10 Things #23
GH on Marnus the captain, Joe the genius, Amelia the irresistible, and Saudi Arabia the awful - apologies, an incomplete version of this went out earlier …
1/ Teenage NSW wunderkind is man-of-the-match on debut, jumps queue for Aussie selection with eye-catching bracket of first-class hundreds, and proceeds to make authoritative Test century… only to never play again and even lose his state spot. Is Sam Konstas the next Steve Smith or the next Kurtis Patterson?
2/ What a funny old fellow is Marnus, he gets in all manner of strife. Here it’s of his own making, as he bowls, captains, and manually adjusts the field for Queensland against West Australia at WACA. I’ve always fancied Labuschagne’s leg-spin - on which, one recalls, his original selection was partly based. So it’s almost a bit of a shame to see him purvey this shower of shit to Josh Inglis and Sam Whiteman - surely too experienced to fall for it, although maybe that’s the point. Then there’s the obtrusive positioning of Tom Straker in the old-fashioned position of short straight hit - emerging as a rather obvious double bluff when the next ball is another ropey bouncer. Is this performative funky-field marshalling part of a campaign for higher office - a proposition Crash floated yesterday? Or is it just Marnus being Marnus? Either way, it hardly demonstrates a feeling for the first principles of captaincy, closer to participative or servant leadership than a succession of egocentric brainstorms.
3/ As it happens, I quite fancy Marnus as a prospective skipper. He’s intuitive. He’s maturing. I was surprised when he did not even get an interview for the vice-captaincy last time there was a spill of positions, was pleased by his appointment for Queensland. But he might be better advised getting out of his own way for a while, avoiding the shithousery and sticking to the basics, like setting an example on the field and making good choices at the toss….
4/ Joe Root must have an ego - no athlete can do without one - but among his charms is keeping it so well-hidden.
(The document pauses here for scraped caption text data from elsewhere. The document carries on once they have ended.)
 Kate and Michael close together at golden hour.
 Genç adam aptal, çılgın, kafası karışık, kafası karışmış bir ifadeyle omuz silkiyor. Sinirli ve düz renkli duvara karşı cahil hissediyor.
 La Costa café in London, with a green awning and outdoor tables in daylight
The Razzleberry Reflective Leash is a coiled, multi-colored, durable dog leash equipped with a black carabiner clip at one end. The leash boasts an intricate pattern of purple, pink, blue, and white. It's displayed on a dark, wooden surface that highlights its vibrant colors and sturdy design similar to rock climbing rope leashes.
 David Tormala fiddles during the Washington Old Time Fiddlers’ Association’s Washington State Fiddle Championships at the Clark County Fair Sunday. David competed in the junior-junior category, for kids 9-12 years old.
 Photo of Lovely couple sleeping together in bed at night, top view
He minimised his overtopping of Alastair Cook’s run pile on Wednesday - ‘I'm sure I'll look back on it at some point when I'm finished and be very proud of it’ - and was really taxed only by the sapping heat. Imagine David Warner or Kevin Pietersen surfing their waves of adrenalin and testosterone in similar circumstances.
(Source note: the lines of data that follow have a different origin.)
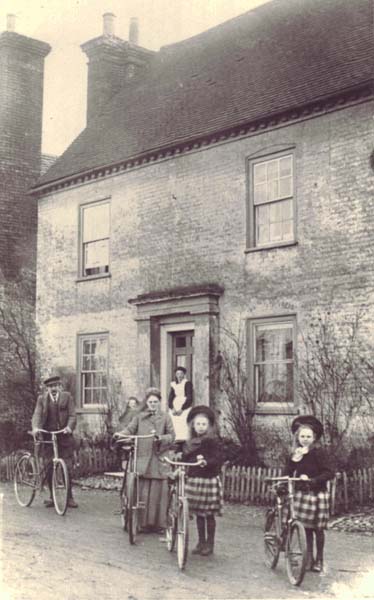 Midwife Kate Micklam with her family photographed in the early 1900s oustide Barnards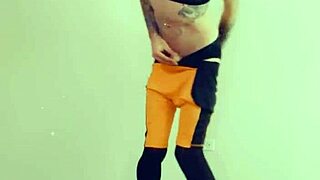 in lingerie, the hot transsexual rubs her clitty while fantasizing about cock and masturbation.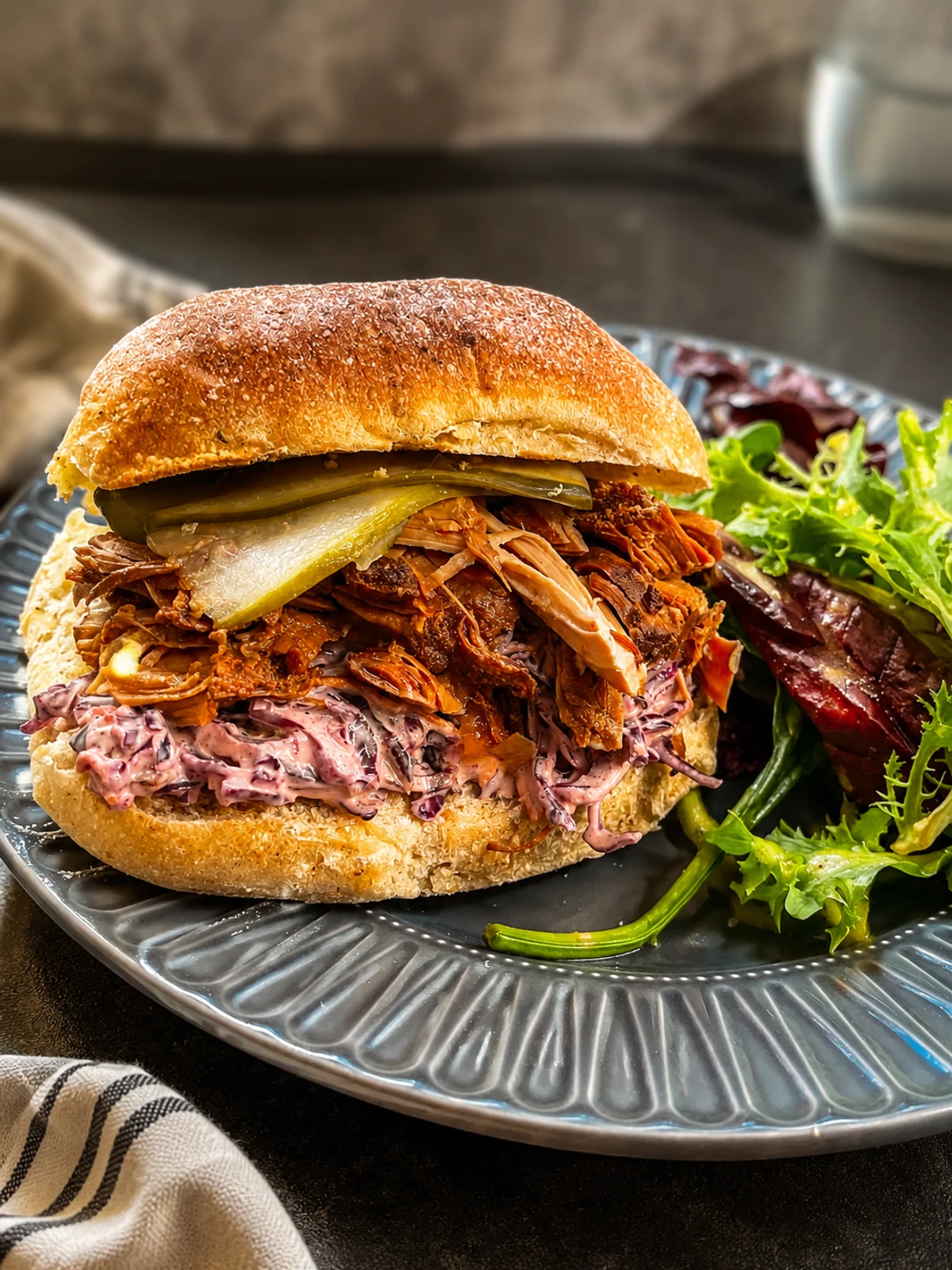 A pulled meat sandwich with pickles, slaw and a side salad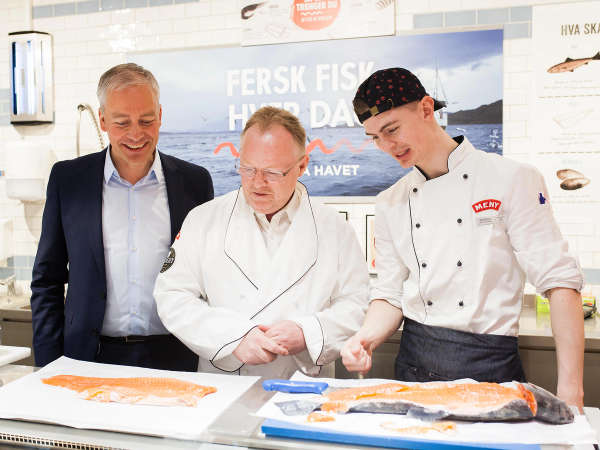 To personer i kokkeuniformer og en person i dress står bak en fiskebord i en butikk eller på et marked, med en stor fisk på bordet.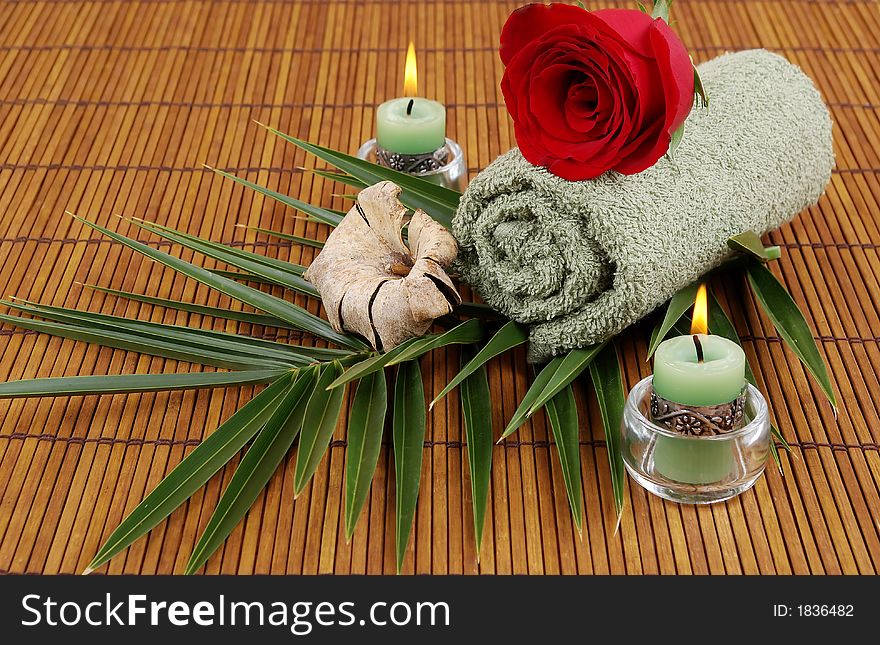 Rose, palm frond, towel, and candles on bamboo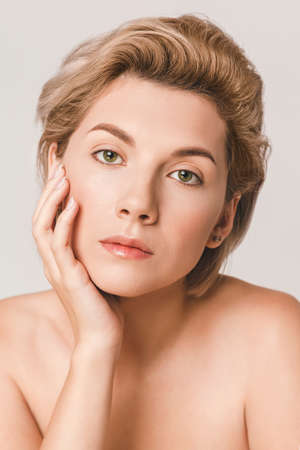short-haired blonde with green eyes looking at the camera. Hand near faceの写真素材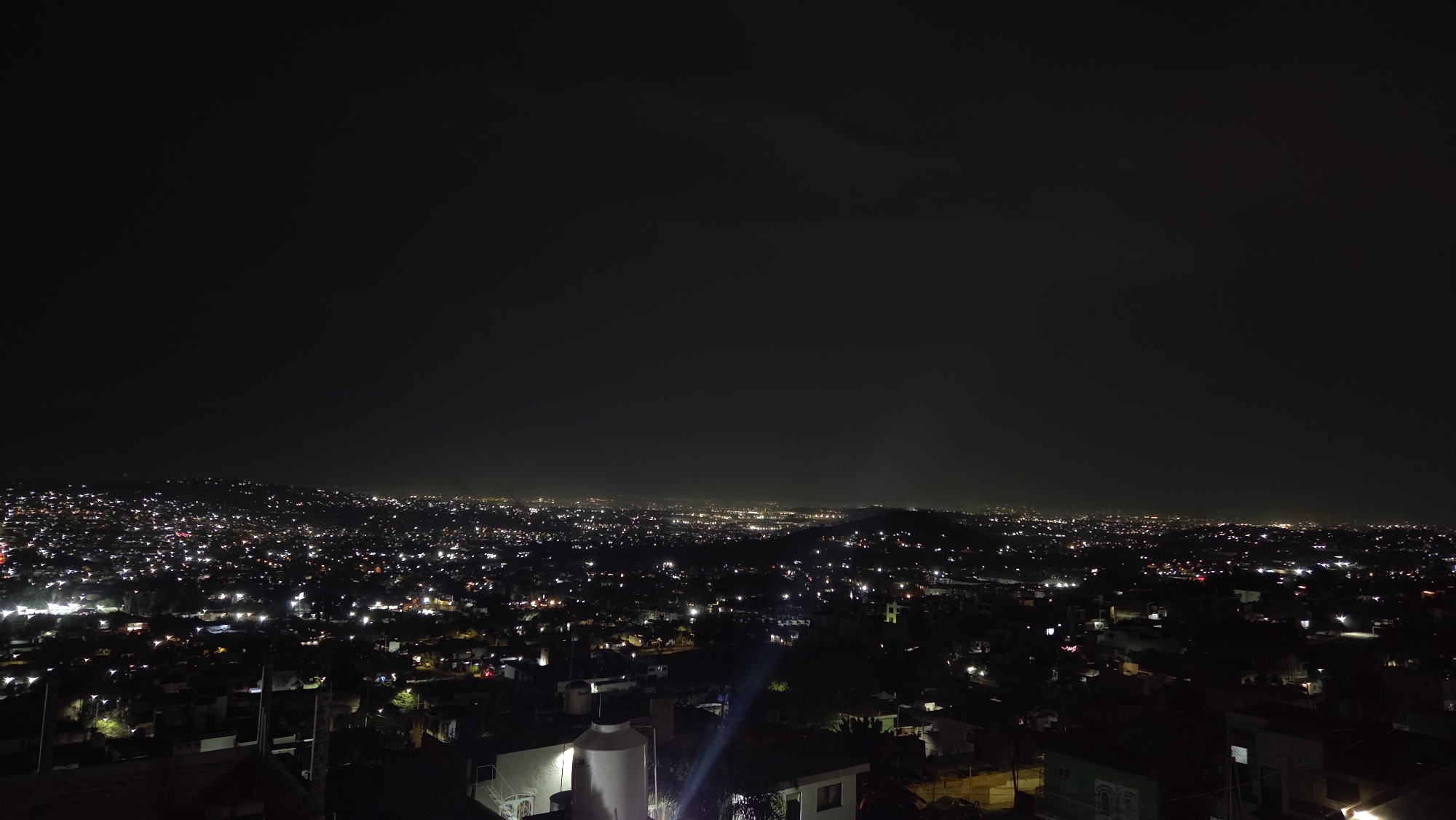 Nighttime cityscape captured in Tonalá, Mexico showing illuminated urban sprawl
5/ And has any batter in Test history scored so many runs behind square, and made better use of pace on the ball? It is one of those reassuring feelings, in this era of convulsive change, that wherever you are and whatever you’re doing, it’s almost certain that, somewhere in the world, Joe Root is running the ball down to third man. Even on this very slow pitch in Multan, a quarter of his runs came from singles behind point and square leg. Aussies can be a bit sniffy about this. I remember a few years ago, Chappelli dismissing a young batter because ‘he scores too many runs behind the wicket’. But that’s the way Root keeps it ticking. Sometimes that open blade gets him into trouble, but the intent to score maintains the pressure on bowlers, fielding captains and opposition coaches, all with that laconic cry of: ‘Yeah!’
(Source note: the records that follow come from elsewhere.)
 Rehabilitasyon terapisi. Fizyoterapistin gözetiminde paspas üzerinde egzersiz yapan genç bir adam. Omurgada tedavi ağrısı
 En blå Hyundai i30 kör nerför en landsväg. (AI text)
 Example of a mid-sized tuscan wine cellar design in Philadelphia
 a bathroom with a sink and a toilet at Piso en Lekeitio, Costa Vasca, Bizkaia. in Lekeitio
6/ There’s hardly a more delightful cricketer at the moment than Amelia Kerr, who in Sharjah repeated a dose she administered Australia in Mackay. What a package: her traditional mix of leg-breaks and googlies, her dynamicfielding, her inventive batting, and her ancestry - both her dad, who introduced her to wrist spin, and her mum, daughter of Bruce Murray, played for Wellington. Plus she is another outstanding cricketer blessed with an oldersibling who also played, and became a stick to measure against and even surpass. She thereby joins a roll call that includes Greg Chappell, Neil Harvey, Graeme Pollock, Morne Morkel, Gary Kirsten, Martin Crowe, Brett Lee, and Tamim Iqbal. Scyld Berry, who noted this in his 2015 book The Game Of Life, summarised: ‘How many of us watching a talented boy play cricket have been told: “Ah, but you should see his younger brother’? While the sample size may not yet be great enough to judge, perhaps the same will be seen as applying to sisters.
7/ Every now and again, there’s a news item that causes you a double take because the first hearing eludes you for seeming so outre. The BCCI is holding the IPL auction in Saudi Arabia. Wait, what was that? The BCCI…holding….IPL auction….Saudi Arabia? The Saudi Arabia that represses women, jails and kills critics, shoots citizens and refugees in cold blood? The Saudi Arabia unable to get on the UN Human Rights Council that makes welcome Qatar and the UAE, has previously bent over for China and the Congo, and off which Russia only got kicked when it invaded Ukraine? Hell, if the Cato Institute thinks you’re bad, you must really suck. This is before we even get to Saudi Arabia’s chronic, epic and irreversible abuse of the world’s climate.....
8/ But, of course, this is the same Saudi Arabia that is also compulsively sportswashing and greenwashing its shitty reputation, as part of which it is eyeing cricket despite having only one ground with a turf outfield and club house in the whole joint. Are people up in arms about the newly coercive auction being staged in the always coercive country? Are they buggery: the only impediment appears, bizarrely, to be hotel costs. Maybe they’re not high enough. Anyway, here’s one I prepared earlier on yet another prospect that will shame cricket. Over to you, Pat….
9/ Kudos to Pete this week, who broke the internet with his Cameron Green exclusive and has been on Konstas watch since. All the more reason to board the Cricket Et Al bandwagon, which next month will start charging for most of our content. Sorry about that, but charity begins at home, we’ve been giving it away since last December, and I’m sure you won’t want to be without our coverage of this season’s Border-Gavaskar Trophy, Peter’s red hot headlines, Sam’s shrewd takes and maybe even my esoteric ramblings. If you’ve already coughed, by the way, you’re golden. But if Cricket Et Al’s cut-price cricket odyssey this season is to work, we’ll be needing your help.
10/ Flood came out thirty-four years ago, but, last night at The Forum, They Might Be Giants made it sound as fresh, vital, wonky and off-centre as the day it was released.
Read the movie. See the book. They Might Be Giants are better than ever.
Ten things I hate about Marnus…
1. That he is always referred to as ‘Marnus”, not Labuschange. Like some female politicians, why does he get singled out for the chummy first name use?
2. Constant, irritating fidgety movements at the crease. If people think Smith is bad, he ain’t got nothing on ‘Marnus’
3. Chewing gum and blowing bubbles. Most of us stopped doing that in 6th grade.
4. Slow, sulky walks off after being given out. Don’t worry mate, you’ve never been out in your life have you?
5. Smart alec comments at batsmen from close in. Somebody should tell him that’s no longer allowed under Pat.
6. Cultivated air of insouciance or nonchalance. Yeah mate, your so cool.
7. The sort of shit displayed in the video. What a plonker.
Actually that’s only seven, but I’m sure others can find more.
1. On Sam Konstas: leave the kid alone for a couple of years, as they did Ponting. It worked then. A few years ago certain nongs wanted to pick Travis Dean for Australia after one game (admittedly a remarkable one). He's not been so good since.
2. Agree with you completely about Amelia Kerr. She may be my favourite cricketer, the first non-Australian to get the gong since Basil D'Oliveira.